Successivamente hai avuto contatti con altri costruttori di ney? Tornando in Tunisia, per esempio, sei entrato in contatto con qualcuno che lo costruisce ancora?
I suonatori lo vedono, lo provano, gli piace, lo apprezzano. Non c’è dubbio: è una ricerca continua. Ti faccio un esempio: io suono anche il clarinetto e utilizzo un’ancia molto morbida, una uno e mezzo, non uso ance dure. Per me è più facile, più naturale. Però il mio clarinetto risultava sempre calante rispetto agli altri strumenti. Allora ho applicato la stessa logica di ricerca: ho accorciato il barilotto superiore del clarinetto. Ora suono benissimo con l’ancia uno e mezzo ed è perfettamente intonato. So come intervenire, so come risolvere questi problemi.

Ovviamente la costruzione del ney è parte integrante del tuo percorso musicale, ma non è un’attività commerciale in senso stretto. Non vendi abitualmente i tuoi strumenti…
Qualche volta sì. Qualcuno me lo ha chiesto, magari un amico che voleva fare un regalo particolare a un flautista innamorato dello strumento. In questi casi li vendo, ma non in quantità: capita, non è una produzione.

C’è una canna particolare che utilizzi per il ney? La scegli secondo criteri specifici?
La canna non è bambù, come molti dicono. No, è sbagliato. Il bambù è una canna molto diversa. Io uso la canna di fiume o di lago: è sottile. Anche se è già sottile, comunque la svuoto ulteriormente con la carta vetrata, perché un ney più leggero, meno carnoso, suona meglio. Vibra di più, risponde meglio. Quindi:
canna leggera, assolutamente non bambù.

Utilizzi una misura standard o realizzi ney di diverse lunghezze?
La tonalità dipende dalla lunghezza. Più la canna è lunga, più la nota è grave. Questo, ad esempio — anche se non è ancora completo e va intonato meglio — è più lungo.
Più la canna è corta, più la nota è acuta.

Ripercorriamo brevemente le fasi costruttive del ney….
All’inizio bisogna andare in un lago o in un fiume e trovare le canne secche.

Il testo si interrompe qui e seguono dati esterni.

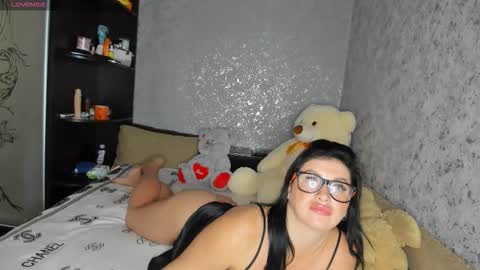 Ju  lia online show from October 8, 7:13 am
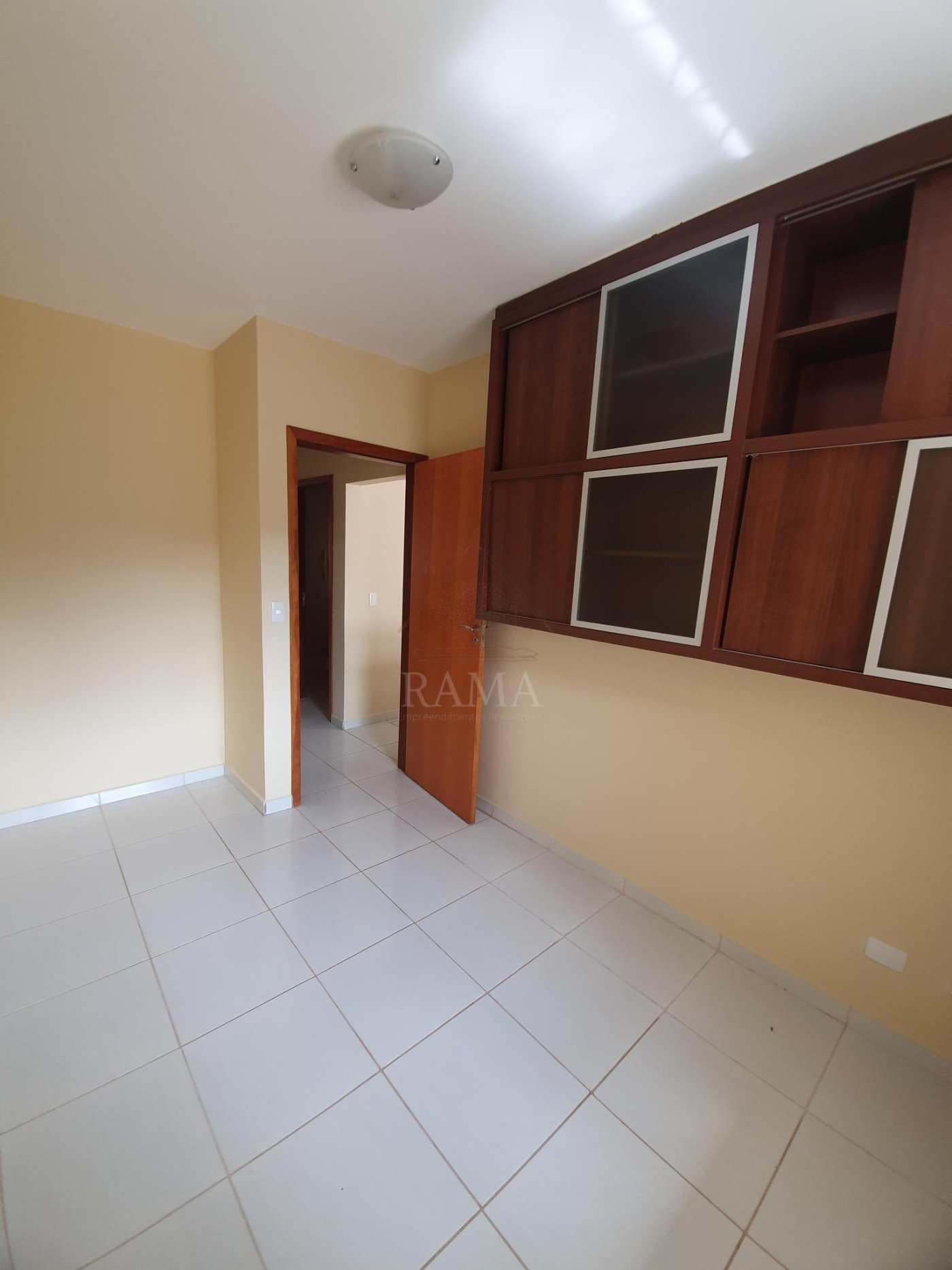 Casa aprox. 110m² com 3 Quartos, Suíte, 2 vagas e quintal no Jd. Carvalho!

Anche se non sono completamente secche, basta tagliarle e lasciarle all’ombra per qualche mese. Meglio ancora se le trovi già secche. La cima della canna deve essere matura: una canna che ha completato il suo ciclo vitale. È lì che troviamo gli internodi più ravvicinati, che non troviamo nella parte bassa. Cerchiamo una canna abbastanza dritta; se non lo è, la si può raddrizzare scaldandola sul fuoco e raffreddandola subito con un panno umido. Una volta dritta, si inizia la misurazione. Questa nota di base, in Tunisia, la chiamiamo “radded”. Si prende la canna, la si divide a metà, spostandosi però di circa un centimetro verso la parte dell’imboccatura. Quella metà la si divide in quattro: trovi il punto centrale e ottieni quattro segmenti. Poi quello che hai trovato lo dividi in tre: uno, due, tre. Ripeti l’operazione più volte. È un sistema tradizionale, molto preciso.

Utilizzi anche strumenti non manuali, ovviamente: trapano, punte, quindi c’è una fase di svuotatura interna.
Sì, certo. Una volta scelta la canna, bisogna svuotarla perché all’interno è chiusa. Con un trapano e una punta lunga la si svuota, ma solo parzialmente: si lavora soprattutto sulla metà superiore. È quella parte che produce il suono, perché l’aria, soffiando, colpisce la membrana naturale e crea quel movimento,
quell’effetto “vento”, quel soffio caratteristico. Se la svuoti completamente, il suono diventa troppo pulito, sembra un tubo: perde quel fruscio, quell’anima.

Sulle tecniche costruttive hai sperimentato qualcosa di nuovo rispetto al modello tradizionale?
Sì. Per esempio, su un ney ho montato il bocchino di un sax soprano. È stata una felicità per me, perché non me lo aspettavo. Ha mantenuto l’intonazione e ha prodotto un suono che somiglia a quello di un clarinetto, forse di un clarinetto antichissimo. Mi piace sperimentare, mi interessa molto.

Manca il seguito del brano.